IMOGÈNE. – Mais, ami, un malheureux qui irait à son supplice ne s'y traînerait pas si lentement. J'ai ouï parler de ces paris de courses où les chevaux étaient plus légers que le grain de sable qui glisse dans nos horloges; mais ce sont de vains propos. – Va, dis à ma suivante qu'elle feigne une indisposition, qu'elle dise vouloir se rendre auprès de son père; et prépare-moi à l'instant un habit de cheval aussi simple que celui que porterait la ménagère d'un franklin13.
PISANIO. – Madame, vous devriez considérer…
IMOGÈNE. – Je vois la route qui est devant moi, Pisanio; et rien ici, ni là, ni rien de ce qui peut arriver. Tout le reste est enveloppé d'un brouillard que je ne puis pénétrer. Hâtons-nous, je te prie; fais ce que je t'ordonne; nous n'avons plus rien à dire. Il ne s'agit plus que de la route qui mène à Milford.
(Ils sortent.)
SCÈNE III
Le pays de Galles. – Contrée montagneuse, avec une caverne
BÉLARIUS sort de la caverne avec GUIDÉRIUS et ARVIRAGUS
BÉLARIUS. – Un trop beau jour pour qu'on le passe à la maison sous un toit aussi bas que le nôtre. Courbez-vous, jeunes gens! cette porte vous apprend à adorer le ciel et vous fait incliner pour la sainte prière du matin. Les portes des monarques ont des voûtes si élevées, que des géants impies peuvent y passer avec leurs turbans, sans saluer le soleil. Salut, beau ciel! Nous habitons le rocher, mais nous ne sommes pas aussi ingrats envers toi que des gens d'une vie plus recherchée.
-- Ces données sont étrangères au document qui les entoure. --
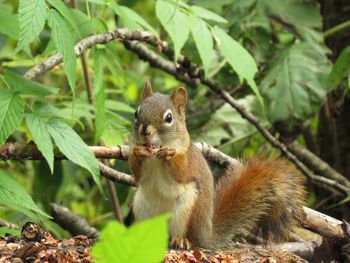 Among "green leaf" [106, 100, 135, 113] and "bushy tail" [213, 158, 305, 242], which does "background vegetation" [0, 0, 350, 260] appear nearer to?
"green leaf" [106, 100, 135, 113]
GUIDÉRIUS. – Je te salue, ciel!
ARVIRAGUS. – Ciel, je te salue.
BÉLARIUS. – Maintenant, à nos exercices de montagnes; montez cette colline. Vos jambes sont jeunes; moi, je foulerai ces plaines, et lorsque de cette hauteur vous m'apercevrez petit comme un corbeau, remarquez bien que c'est la place qui rapetisse ou qui agrandit. Vous pourrez alors repasser dans votre mémoire tout ce que je vous ai raconté des cours, des princes et des intrigues qui se trament à la guerre; c'est là que le service, quoique rendu, n'est pas service; il ne l'est que lorsqu'il est reconnu tel. C'est en observant ainsi, que nous retirons du profit de toutes les choses que nous voyons. Et souvent, à notre consolation, nous trouverons que l'escarbot, avec ses ailes dans un étui14, vit dans un poste plus sûr que l'aigle aux vastes ailes. Oh! la vie que nous menons ici est plus noble que celle qui se passe à attendre des refus; elle est plus riche que celle qu'on passe à ne rien faire pour un petit enfant15, plus fière que celle de l'homme qui se carre dans un habit de soie qu'il n'a pas payé. Il reçoit le salut de celui qui lui fournit sa parure, et dont le livre n'est pas barré. Ce n'est pas une vie comparable à la nôtre.
GUIDÉRIUS. – Vous parlez d'après votre expérience: nous, pauvres oiseaux sans plumes, nous n'avons encore jamais volé hors de la vue du nid, nous ignorons quel air on respire loin de notre asile. Peut-être que cette vie est la plus heureuse, si la vie tranquille est la plus heureuse; elle vous semble plus douce, à vous qui en avez connu une plus dure; elle convient mieux à la pesanteur de votre âge, mais pour nous c'est une cellule d'ignorance, un voyage dans un lit, la prison d'un débiteur qui n'ose pas faire un pas hors des limites.
ARVIRAGUS. – De quoi pourrons-nous parler, lorsque nous serons vieux comme vous? Lorsque nous entendrons la pluie et les vents battre le triste Décembre, comment, dans cette froide caverne, charmerons-nous, en discourant ensemble, les heures glacées? Nous n'avons rien vu; nous vivons à la façon des animaux; subtils comme le renard pour saisir notre proie, courageux comme le loup pour conquérir ce que nous mangeons, notre valeur se borne à poursuivre ce qui fuit, nous faisons un choeur de notre cage, comme l'oiseau emprisonné, et nous chantons notre captivité avec l'accent de la liberté.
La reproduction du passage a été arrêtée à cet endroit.